Se isso acontecesse – ou seja, se houvesse uma quebra constitucional – caminharíamos para uma situação muito pior do que a atual. O país desceria ainda mais no fosso em que foi metido pelo PT. A segurança jurídica mínima que ainda temos, iria para o espaço. O mercado se retrairia. Aventureiros de todos os matizes surgiriam da noite para o dia. O próprio PT aproveitaria a chance para ressurgir das cinzas, apostando no caos. E a Lava Jato, aí sim, seria totalmente paralisada, sob o argumento de que a prioridade zero seria salvar o país da catástrofe.

Pessoas inteligentes, que tenham um mínimo de compromisso com a democracia, devem entender por que é um erro brutal levantar neste momento a bandeira Fora Temer.
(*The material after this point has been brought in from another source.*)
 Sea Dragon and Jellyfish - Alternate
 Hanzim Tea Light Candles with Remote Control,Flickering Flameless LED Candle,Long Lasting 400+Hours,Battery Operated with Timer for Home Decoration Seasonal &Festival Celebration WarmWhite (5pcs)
A pressão popular na atual conjuntura deve ser para que Temer consiga coibir – mesmo que não queira – as tentativas da sua base fisiológica de parar a Lava Jato, anistiar os que cometeram crimes e aprovar duas ou três medidas legislativas que permitam a navegação até meados de 2018, concluindo um programa mínimo de transição pós-PT. Mais do que isso ele não fará mesmo, não porque não queira e sim porque não pode.

A pressão popular contra as tentativas de anistia dos corruptos e contra outras medidas escandalosas propostas por caciques da base fisiológica – como Renan – para se livrarem da justiça, está surtindo algum efeito. É claro que a dita anistia não estaria de acordo com o direito, mas também é claro que se não fosse a gritaria da sociedade contra essa tentativa ilegal, Temer não teria se disposto a declarar que vetaria a medida caso fosse aprovada. A coisa vai assim mesmo, aos empurrões de baixo para cima. E é só assim que Temer conseguirá, no máximo, cumprir o papel de síndico da massa falida que herdamos do PT. Mas não se pode tentar retirar dele esse último papel que lhe resta, sobretudo sem ter o que por no lugar. E, o que é mais grave, sem ter acabado o processo de despetização do Estado. Do que se trata não é de Fora Temer e sim de concluir o Fora PT.

O Fora Temer, nunca é demais repetir, foi derrotado pelas ruas e pelas urnas. Só faltava agora ele ser ressuscitado pelos que o derrotaram.